KDDIが昨年来、一貫して掲げてきた「3M戦略」がいよいよ本格始動する。KDDIは2012年1月16日、3M戦略の第1弾となる「スマートパスポート構想」を発表。これとあわせて「au」のブランドマークの刷新も行い、「新生au」のスタートを強くアピールした。
田中孝司社長とauの新しいブランドマーク。そして新生auのスローガンは「あたらしい自由。」だ |
3M戦略の3Mとは「マルチデバイス」「マルチネットワーク」「マルチユース」の3つの頭文字。様々なコンテンツやサービスを、いつでもどこでも、最適なネットワークやデバイスで使える環境を提供していこうというものだが、その第1弾であるスマートパスポート構想について田中孝司社長は「オープンインターネットの世界に安心して漕ぎ出すためのパスポート」と説明した。
これがスマートパスポート構想の骨子 |
スマートパスポート構想は、具体的には3つのキーファクターから構成される。1つめは、田中氏が「3M戦略のなかで一番重要なサービス」と語る「auスマートパス」だ。

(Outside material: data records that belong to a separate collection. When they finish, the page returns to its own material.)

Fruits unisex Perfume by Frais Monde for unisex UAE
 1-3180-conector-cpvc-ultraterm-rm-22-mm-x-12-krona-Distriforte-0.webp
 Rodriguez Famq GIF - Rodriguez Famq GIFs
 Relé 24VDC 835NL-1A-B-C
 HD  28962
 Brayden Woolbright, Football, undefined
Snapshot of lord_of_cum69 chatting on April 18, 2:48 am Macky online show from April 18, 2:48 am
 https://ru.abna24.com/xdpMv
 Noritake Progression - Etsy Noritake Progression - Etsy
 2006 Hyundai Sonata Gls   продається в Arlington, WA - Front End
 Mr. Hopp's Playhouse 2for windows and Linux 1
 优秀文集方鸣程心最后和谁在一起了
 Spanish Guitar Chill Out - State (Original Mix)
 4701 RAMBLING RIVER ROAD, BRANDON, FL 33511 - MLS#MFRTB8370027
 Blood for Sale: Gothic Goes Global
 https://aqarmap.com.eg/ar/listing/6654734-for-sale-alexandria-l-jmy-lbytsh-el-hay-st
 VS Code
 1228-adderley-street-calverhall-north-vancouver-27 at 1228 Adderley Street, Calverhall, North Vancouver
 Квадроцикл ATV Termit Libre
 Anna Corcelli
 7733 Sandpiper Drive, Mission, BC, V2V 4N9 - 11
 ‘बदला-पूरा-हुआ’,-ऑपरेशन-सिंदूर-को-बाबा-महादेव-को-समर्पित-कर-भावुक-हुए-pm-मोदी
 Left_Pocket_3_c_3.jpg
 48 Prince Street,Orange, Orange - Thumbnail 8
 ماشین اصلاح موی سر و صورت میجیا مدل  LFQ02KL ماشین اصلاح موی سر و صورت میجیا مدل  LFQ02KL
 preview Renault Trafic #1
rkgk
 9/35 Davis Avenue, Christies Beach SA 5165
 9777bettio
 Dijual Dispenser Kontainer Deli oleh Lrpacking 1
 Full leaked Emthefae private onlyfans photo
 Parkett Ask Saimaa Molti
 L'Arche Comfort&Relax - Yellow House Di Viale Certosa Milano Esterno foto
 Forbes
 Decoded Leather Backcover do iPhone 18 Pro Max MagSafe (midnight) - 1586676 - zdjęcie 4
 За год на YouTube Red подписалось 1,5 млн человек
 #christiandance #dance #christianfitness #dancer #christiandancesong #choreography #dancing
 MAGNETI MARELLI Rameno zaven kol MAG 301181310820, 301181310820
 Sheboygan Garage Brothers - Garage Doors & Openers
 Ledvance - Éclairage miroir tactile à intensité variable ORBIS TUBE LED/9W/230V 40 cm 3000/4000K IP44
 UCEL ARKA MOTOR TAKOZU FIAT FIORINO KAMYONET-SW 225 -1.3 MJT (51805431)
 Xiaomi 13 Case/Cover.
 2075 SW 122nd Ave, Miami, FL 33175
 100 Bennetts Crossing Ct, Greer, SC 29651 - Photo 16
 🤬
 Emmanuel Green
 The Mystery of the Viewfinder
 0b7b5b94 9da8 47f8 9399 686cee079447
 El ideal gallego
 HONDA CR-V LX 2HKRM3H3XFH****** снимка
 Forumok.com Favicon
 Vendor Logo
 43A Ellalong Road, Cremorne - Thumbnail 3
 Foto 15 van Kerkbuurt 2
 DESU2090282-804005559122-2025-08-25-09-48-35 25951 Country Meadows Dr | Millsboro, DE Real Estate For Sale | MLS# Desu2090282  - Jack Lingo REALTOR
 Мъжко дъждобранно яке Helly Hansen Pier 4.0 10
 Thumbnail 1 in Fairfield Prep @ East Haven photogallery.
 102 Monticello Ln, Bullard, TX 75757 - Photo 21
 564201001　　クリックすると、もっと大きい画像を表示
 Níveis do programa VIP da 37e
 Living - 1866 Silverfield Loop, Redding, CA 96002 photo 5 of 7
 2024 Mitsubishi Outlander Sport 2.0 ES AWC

急速に普及するスマートフォンだが、「探しているアプリが見つからない」「アプリの価格が高い」「セキュリティが不安」など、ユーザーサイドからするとまだまだ課題や不満も少なくない。こうした問題に対して「ユーザー任せでは無責任ではないか」(専務の高橋誠氏)と、auスマートパスでは(1)500本以上のアプリ取り放題、(2)クーポン&ポイントサービス、(3)10GBのクラウドストレージ、(4)安心・安全サービスを月額390円でパッケージ提供する。
最も注目されそうなのは、(1)のアプリ取り放題だろう。auスマートパスに加入すると、「パワフルプロ野球」「モンスターハンター」「RODGE RACER」「大辞林」「ジーニアス英和辞典・和英辞典」など、総額5万円以上のアプリがダウンロードし放題になる。また、(4)の安心・安全サービスは、トレンドマイクロのセキュリティ対策ソフト「ウィルスバスター モバイル for auスマートパス」のアンチウィルス機能と、auスマートパス専用のサポート窓口で構成される。
取り放題のアプリの中には2500円の「大辞林」、4800円の「ジーニアス英和・和英」といった高額アプリも |
3月1日のサービス開始時点では、auスマートパスはAndroidスマートフォンのみへの対応だが、高橋氏によると今後、他のスマートフォンOSやタブレット、PC、STBなどにも提供範囲を広げていく考えだという。
このauスマートパスは他キャリアとの差別化のほか、「付加価値ARPUを上げていくための起点」(経営管理本部 IR室長の明田健司氏)という戦略的役割も担うものだ。付加価値ARPUとは、コンテンツARPUやコンテンツプロバイダーなどから得る決済代行手数料のこと。auスマートパスをきっかけに、「LISMO unlimited」などの本格的なコンテンツサービスの利用を促し、付加価値ARPUの拡大を図っていく。なお、KDDIでは来期販売するAndroidの80%のユーザーがauスマートパスに加入するとの社内計画を立てているという。